La législation russe interdit aux candidats à une élection de recevoir des financements étrangers pour mener campagne.

Le parquet a envoyé les documents au ministère de l'Intérieur pour qu'il décide s'il est nécessaire d'ouvrir une enquête.

L'opposant a immédiatement réfuté ces accusations.

«Le parquet a littéralement tout inventé», a-t-il écrit sur son blogue. «Notre campagne est la plus transparente du point de vue des financements», a-t-il souligné.

Interrogée par la radio Echo de Moscou, une porte-parole du service de paiement en ligne impliqué, Yandex-Dengui, a indiqué que le parquet ne s'était d'ailleurs pas adressé à sa direction.
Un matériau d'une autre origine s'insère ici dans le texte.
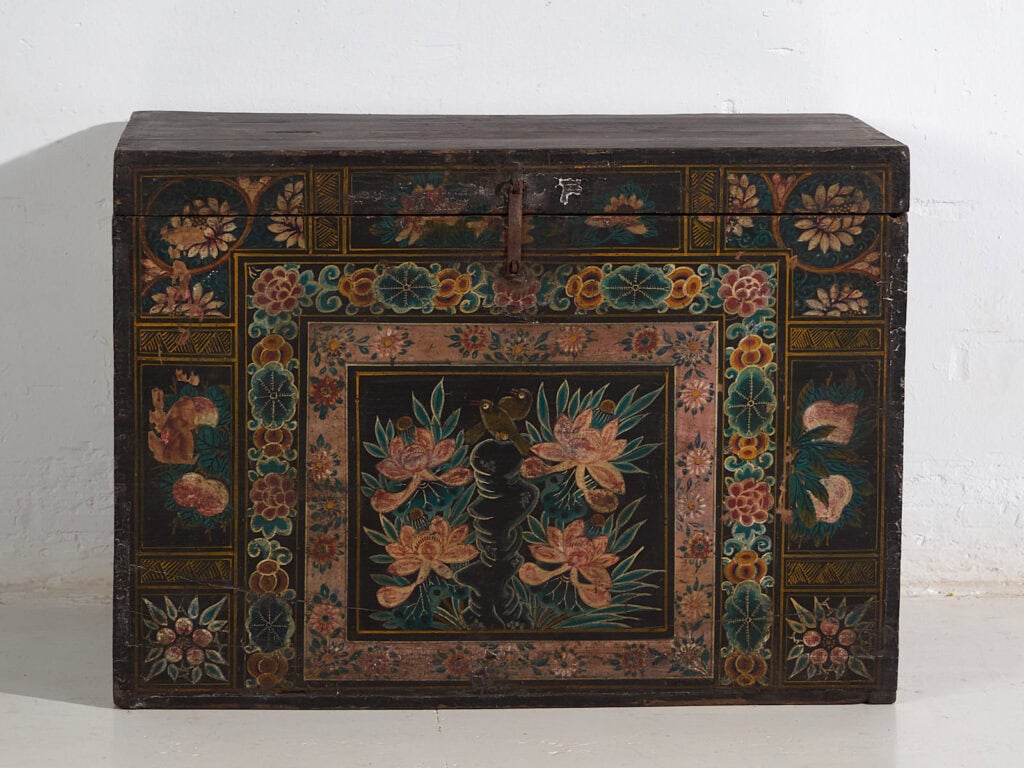 Baúl antiguo con un par de urracas ilustradas (China, c.1900) #29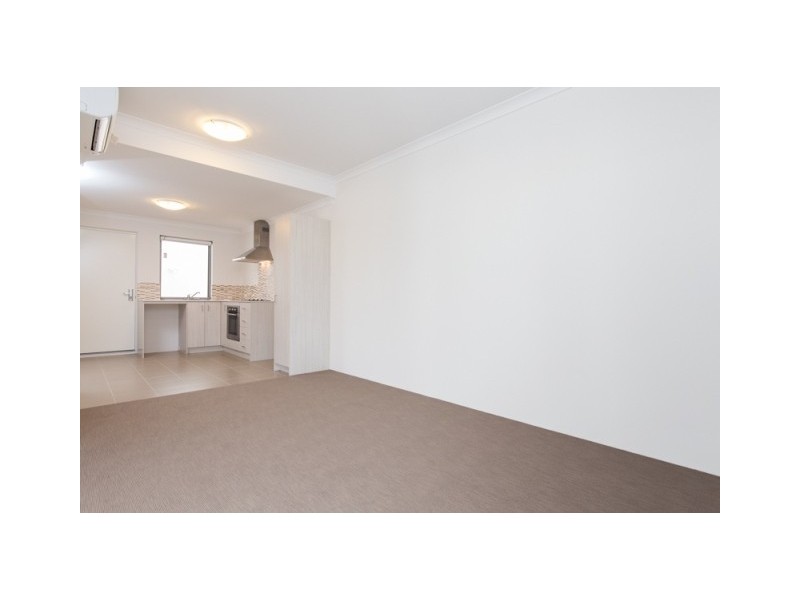 2/2 Royston Link, Butler WA 6036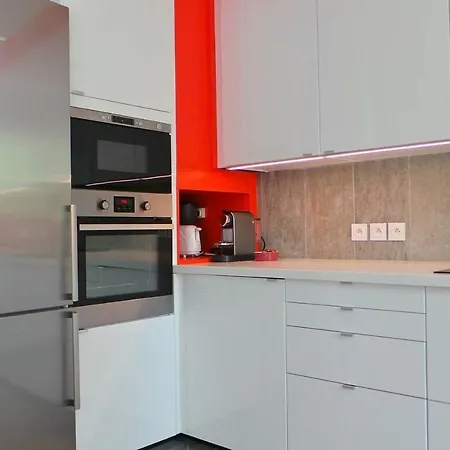 Splendid Bright And Spacious Apt Ternes *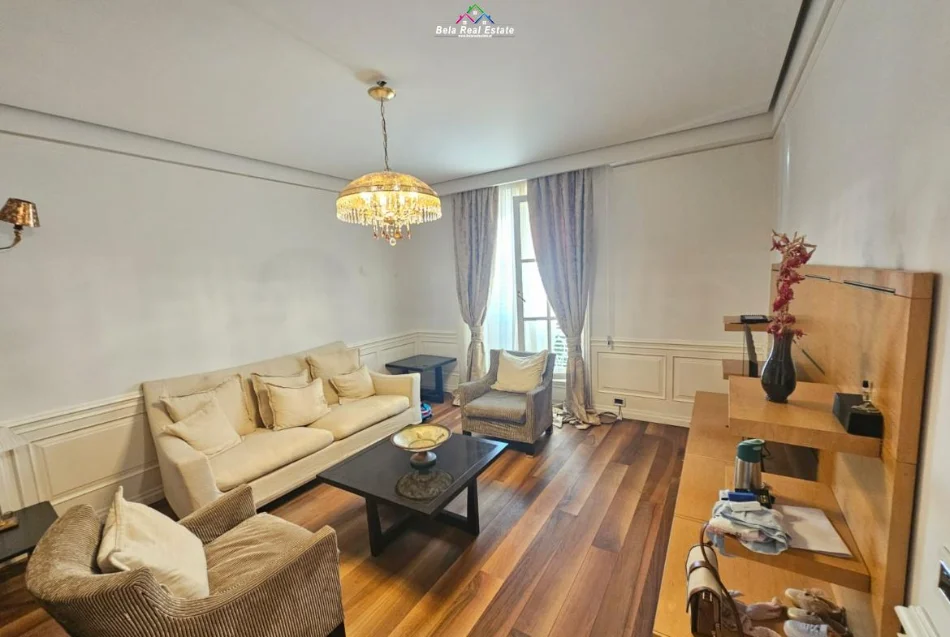 Tirane, jepet me qera apartament 1+1 Kati 2, 75 m² 700 € (prane Shkolles se Kuqe)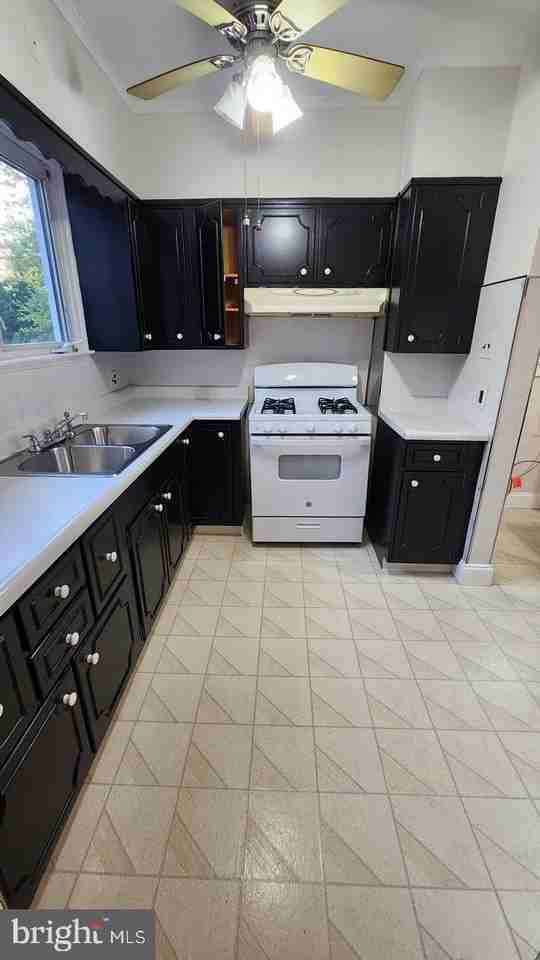 306 Victoria St - Photo 7 of 23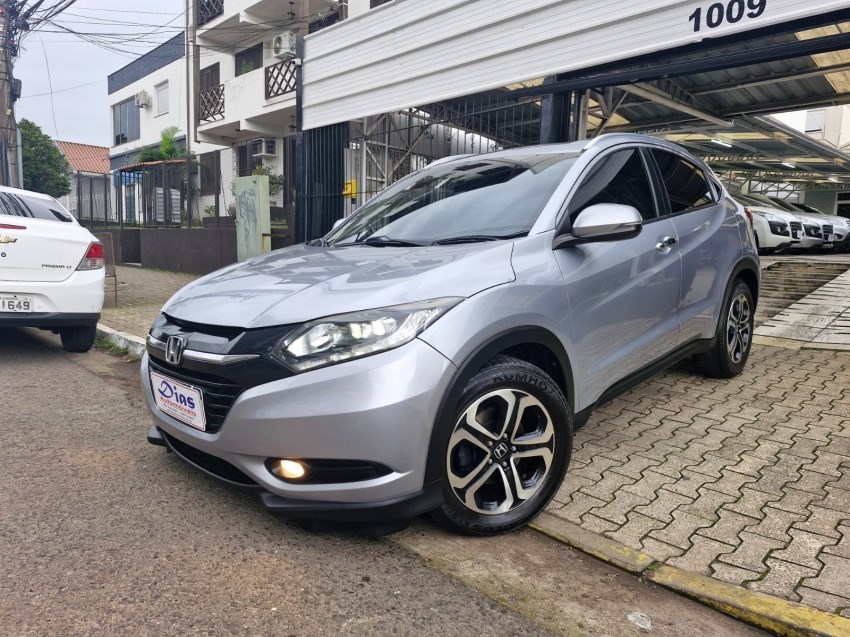 //www.autoline.com.br/carro/honda/hr-v-18-touring-16v-flex-4p-cvt/2018/novo-hamburgo-rs/24560102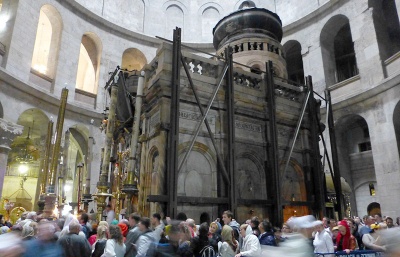 Pravoslavní vítali v Jeruzalému svatý oheň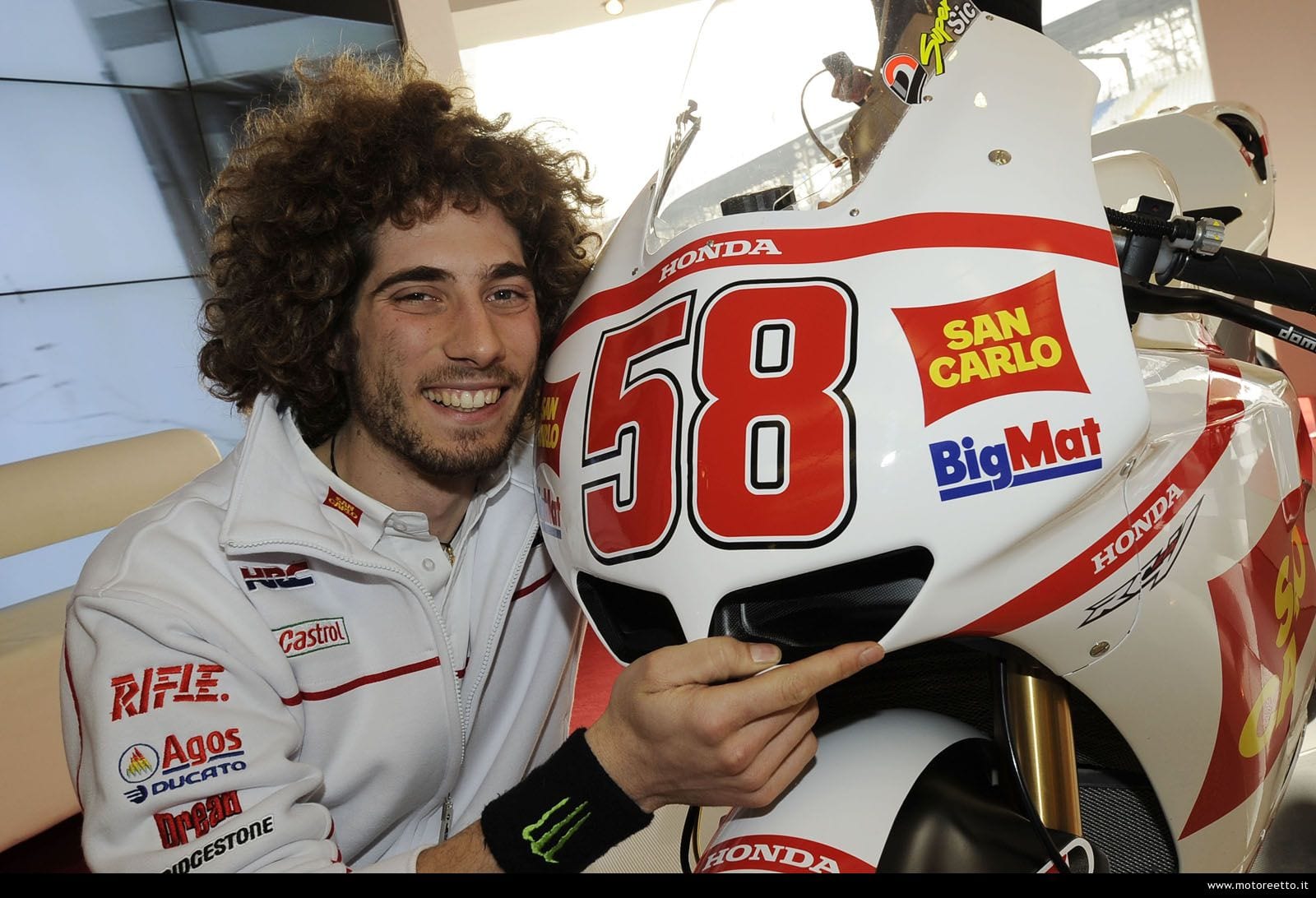 marco simoncelli con la honda rc211v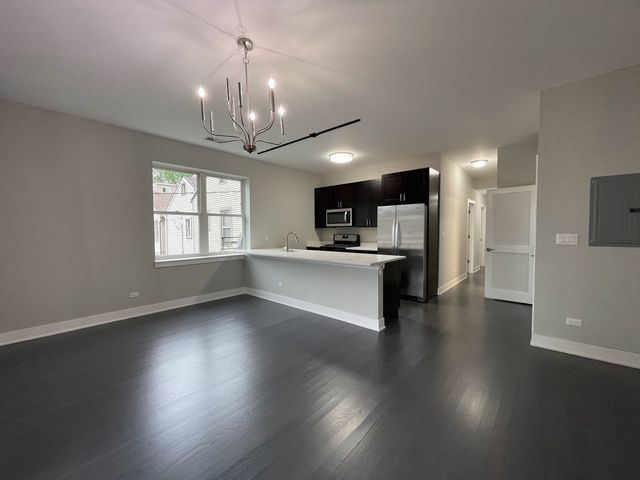 1841 W 21st Street 3W, Chicago, IL 60608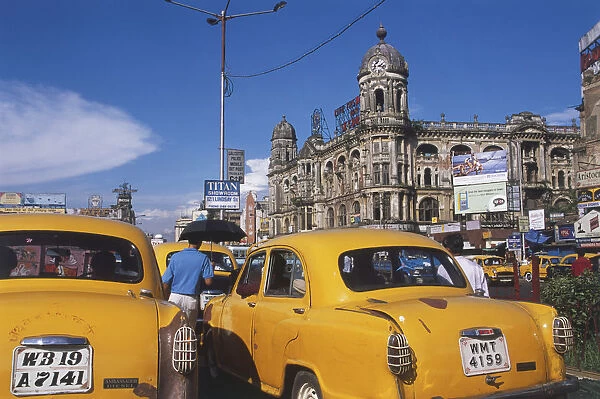 Street scene at New Market with Kolkatas distinctive taxis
L'opposant, qui risque déjà cinq ans de prison dans une affaire de malversation qu'il dénonce, avoue néanmoins ne pas être étonné de ces nouvelles allégations.

«Il y a deux jours, on se disait au QG de campagne: comment va-t-on nous dénigrer à la télévision alors que la hausse dans les sondages est évidente et que le cauchemar de la mairie et du Kremlin -- un second tour -- pourrait se réaliser?», a-t-il relevé.

L'ex-vice-premier ministre et opposant Boris Nemtsov, du parti RPR-Parnas que représente M. Navalny aux municipales, a lui aussi dénoncé ces accusations.

«La cote de popularité (de M. Navalny, ndlr) augmente. C'est pourquoi on a décidé de le discréditer, en jouant la carte de l'espion américain. (...) Il est évident que ces accusations sont absurdes», a-t-il déclaré à la radio Echo de Moscou.

Le député ultra-nationaliste, Vladimir Jirinovski, qui avait demandé au parquet de mener les vérifications des comptes de campagne de M. Navalny, s'est, lui, réjoui de la nouvelle.

«IL faut que l'affaire passe immédiatement devant les tribunaux, qu'il y ait une décision de justice, qu'il soit retiré de la course pour les élections et envoyé en camp. Comme (Mikhaïl) Khodorkovski», a lancé le député, dont le parti a un candidat en lice pour la mairie, faisant référence à l'ex-patron du pétrolier Ioukos et contradicteur du Kremlin, emprisonné depuis 2003.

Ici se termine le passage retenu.